No antigo calendário gregoriano, 13 de dezembro era o solstício de inverno. Assim, a festa do martírio de Santa Luzia era celebrada no dia mais escuro do ano. Santa Luzia tornou-se um símbolo da luz de Cristo que rompe as trevas. Nos países escandinavos, onde o inverno era particularmente escuro, o dia de Santa Luzia tornou-se uma grande celebração. O rei Canuto da Noruega declarou que o dia de Santa Luzia, em 13 de dezembro, marcaria o início das celebrações de Natal. Para saber mais sobre as tradições norueguesas relacionadas a Santa Luzia, clique aqui .
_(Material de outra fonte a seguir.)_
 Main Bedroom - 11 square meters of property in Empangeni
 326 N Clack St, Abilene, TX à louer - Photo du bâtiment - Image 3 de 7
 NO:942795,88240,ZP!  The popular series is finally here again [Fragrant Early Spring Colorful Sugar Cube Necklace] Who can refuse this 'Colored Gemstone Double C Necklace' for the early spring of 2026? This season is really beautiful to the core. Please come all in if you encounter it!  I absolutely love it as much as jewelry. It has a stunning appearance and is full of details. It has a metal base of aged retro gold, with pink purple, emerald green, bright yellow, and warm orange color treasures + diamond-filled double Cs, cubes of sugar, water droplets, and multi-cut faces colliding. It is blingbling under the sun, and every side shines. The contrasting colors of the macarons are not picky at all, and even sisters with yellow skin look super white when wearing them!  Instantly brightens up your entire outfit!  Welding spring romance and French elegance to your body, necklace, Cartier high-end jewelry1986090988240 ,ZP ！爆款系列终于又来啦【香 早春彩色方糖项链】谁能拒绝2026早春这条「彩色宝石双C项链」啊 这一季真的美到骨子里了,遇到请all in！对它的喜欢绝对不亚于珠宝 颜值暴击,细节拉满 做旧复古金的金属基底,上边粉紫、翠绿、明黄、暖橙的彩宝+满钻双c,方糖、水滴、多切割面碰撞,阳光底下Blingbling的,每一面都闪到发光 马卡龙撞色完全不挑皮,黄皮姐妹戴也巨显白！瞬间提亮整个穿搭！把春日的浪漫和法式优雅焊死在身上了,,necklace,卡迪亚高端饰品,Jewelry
Algumas relíquias da Santa repousam na capela relicária da Basílica do Sagrado Coração, no campus, e Luzia também é retratada em um dos murais nas paredes da Basílica, segurando seus olhos em um prato.
Santa Luzia, valente intercessora daqueles que necessitam de luz física e espiritual — rogai por nós!